The plan is designed to involve a network of external support made up of partners, therapists, close friends, clergy, and so on. The book will explain the importance of having these "fair witnesses" along on the journey to health and freedom. Breaking the isolation is essential to dismantling the dysfunctional beliefs and loyalties that keep people in pain.
The material in this book can be used in many settings. Some people have used these materials in the Twelve Step groups dedicated to sexual problems, many of which now feature subgroups dedicated to sexual anorexia. Couples groups dedicated to recovery such as Recovering Couples Anonymous have also used these materials as a guide. Therapists have used them in individual and group therapeutic sessions.

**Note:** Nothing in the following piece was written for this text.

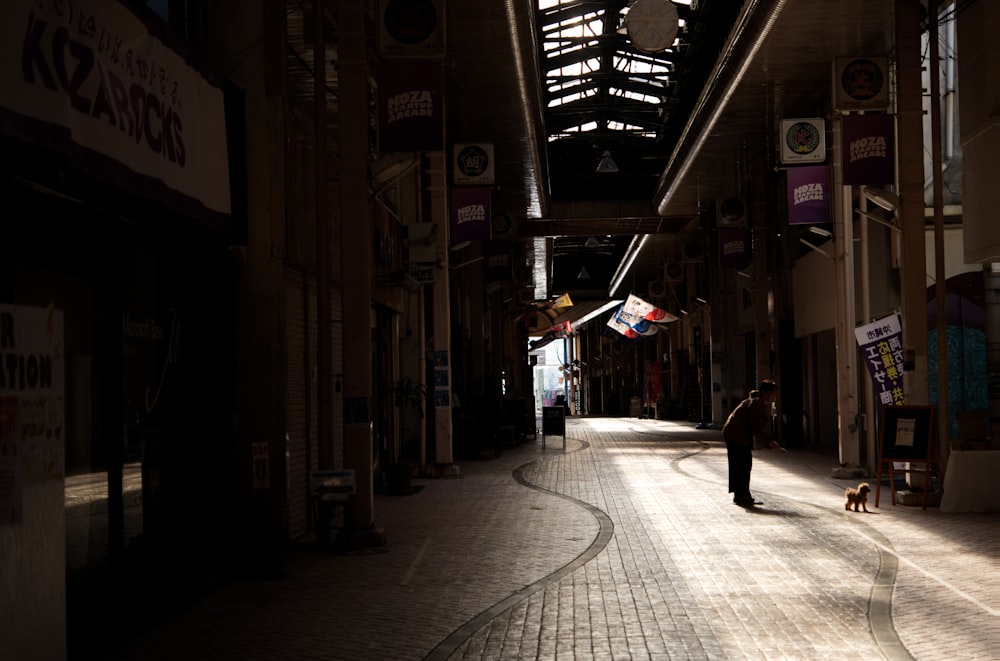 a person walking down a street with a dog on a leash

Many observers, including myself, have noticed that sexual anorexics are generally competent and willing people. As they face their illness, they begin to reclaim their creativity and start becoming the persons they were meant to be. There is something fundamental about coming to terms with the sexual self, something healing and liberating. In the "Big Book" of Alcoholics Anonymous one of the promises of recovery is "we shall know a new freedom!" This book is dedicated to making that so.